> _Problem details_
Without the pictures, print each of the records below exactly as it appears.

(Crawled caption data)

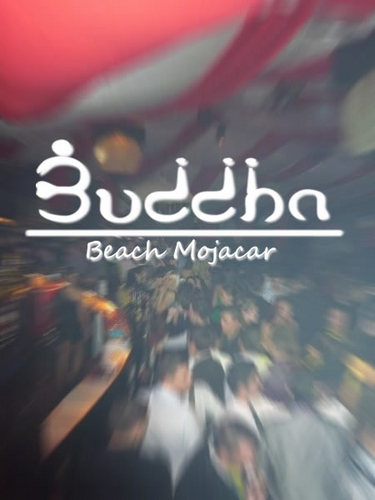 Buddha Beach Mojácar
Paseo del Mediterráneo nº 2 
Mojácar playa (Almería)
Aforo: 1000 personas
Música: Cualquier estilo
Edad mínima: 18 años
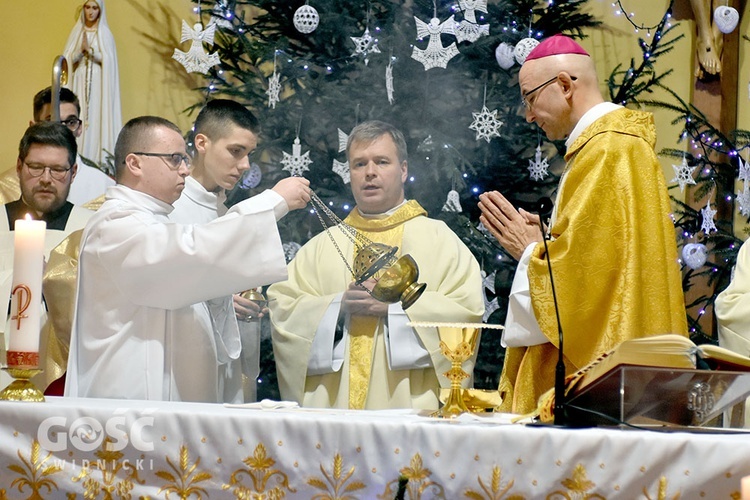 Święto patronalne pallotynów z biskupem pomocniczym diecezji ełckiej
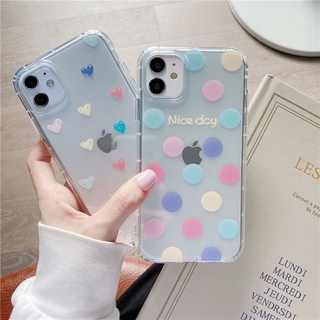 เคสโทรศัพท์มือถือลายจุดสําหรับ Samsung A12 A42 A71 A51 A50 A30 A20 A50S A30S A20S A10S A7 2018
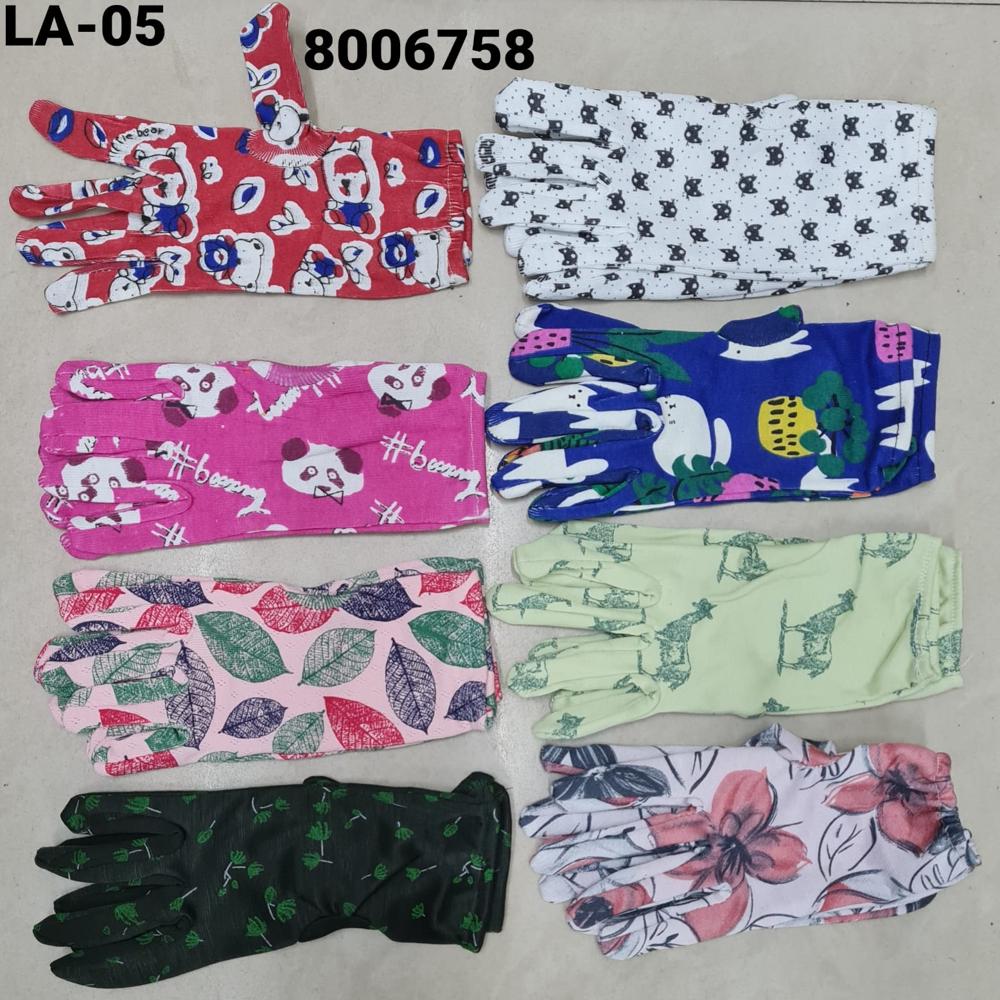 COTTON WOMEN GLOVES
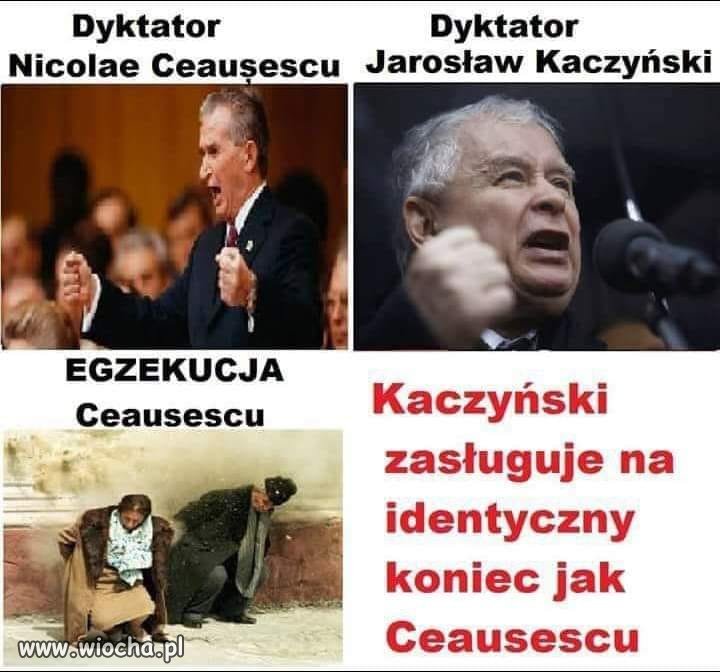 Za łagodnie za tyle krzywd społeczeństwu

> _Answer for the task_
 Buddha Beach Mojácar
Paseo del Mediterráneo nº 2 
Mojácar playa (Almería)
Aforo: 1000 personas
Música: Cualquier estilo
Edad mínima: 18 años
 Święto patronalne pallotynów z biskupem pomocniczym diecezji ełckiej
 เคสโทรศัพท์มือถือลายจุดสําหรับ Samsung A12 A42 A71 A51 A50 A30 A20 A50S A30S A20S A10S A7 2018
 COTTON WOMEN GLOVES
 Za łagodnie za tyle krzywd społeczeństwu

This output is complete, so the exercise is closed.